John Robles: Hello, Sir. How is Julian right now?
Mark Stevens: He is not too happy at being in jail but his spirit is as good as it can be expected in these circumstances.
John Robles: Is he being treated correctly?
Mark Stevens: Yes, of course, he is. The British authorities are very good and impartial on these issues. The one thing that is slightly frustrating is that we have another court hearing on December 14 and I’ve not been permitted a legal visit until December 13, which, of course, gives me less than 24 hours to prepare his case.
John Robles: Are you kidding? You haven’t been allowed to see him yet?

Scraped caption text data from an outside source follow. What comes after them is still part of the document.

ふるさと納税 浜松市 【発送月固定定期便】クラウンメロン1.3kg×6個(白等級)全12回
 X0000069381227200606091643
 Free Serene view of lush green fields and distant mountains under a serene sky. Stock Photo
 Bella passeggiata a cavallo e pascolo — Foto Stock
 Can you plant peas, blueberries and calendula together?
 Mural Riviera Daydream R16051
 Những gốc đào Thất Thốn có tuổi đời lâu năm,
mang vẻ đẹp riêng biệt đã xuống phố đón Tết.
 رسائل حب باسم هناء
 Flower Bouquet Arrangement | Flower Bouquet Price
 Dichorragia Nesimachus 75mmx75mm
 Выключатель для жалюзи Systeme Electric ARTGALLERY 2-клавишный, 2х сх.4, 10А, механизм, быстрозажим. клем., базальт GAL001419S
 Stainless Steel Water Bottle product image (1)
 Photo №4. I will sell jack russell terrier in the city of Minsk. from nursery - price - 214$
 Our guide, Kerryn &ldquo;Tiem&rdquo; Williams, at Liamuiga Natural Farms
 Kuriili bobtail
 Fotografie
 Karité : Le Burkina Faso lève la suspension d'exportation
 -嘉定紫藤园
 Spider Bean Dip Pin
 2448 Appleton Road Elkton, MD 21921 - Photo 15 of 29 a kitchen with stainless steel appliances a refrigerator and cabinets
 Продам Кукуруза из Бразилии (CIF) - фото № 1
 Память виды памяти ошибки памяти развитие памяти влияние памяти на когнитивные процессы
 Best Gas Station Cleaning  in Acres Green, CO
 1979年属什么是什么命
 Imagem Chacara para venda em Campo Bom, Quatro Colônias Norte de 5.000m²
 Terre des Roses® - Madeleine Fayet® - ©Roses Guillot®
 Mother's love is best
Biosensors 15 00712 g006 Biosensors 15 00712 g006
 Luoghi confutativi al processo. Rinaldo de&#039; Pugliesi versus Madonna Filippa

Mark Stevens: No, I haven’t spoken with him or anything else. It’s very difficult obviously to prepare the case but at the moment I don’t have details of the evidence against him yet and this is something that the prosecutor – perhaps one would even say ‘persecutor’ – from Sweden has been playing hide-and-seek with for some months now. Julian Assange sought information in August, asked about the nature of allegations against him and has this far being denied access to that information. I think he believes he could rebuff it.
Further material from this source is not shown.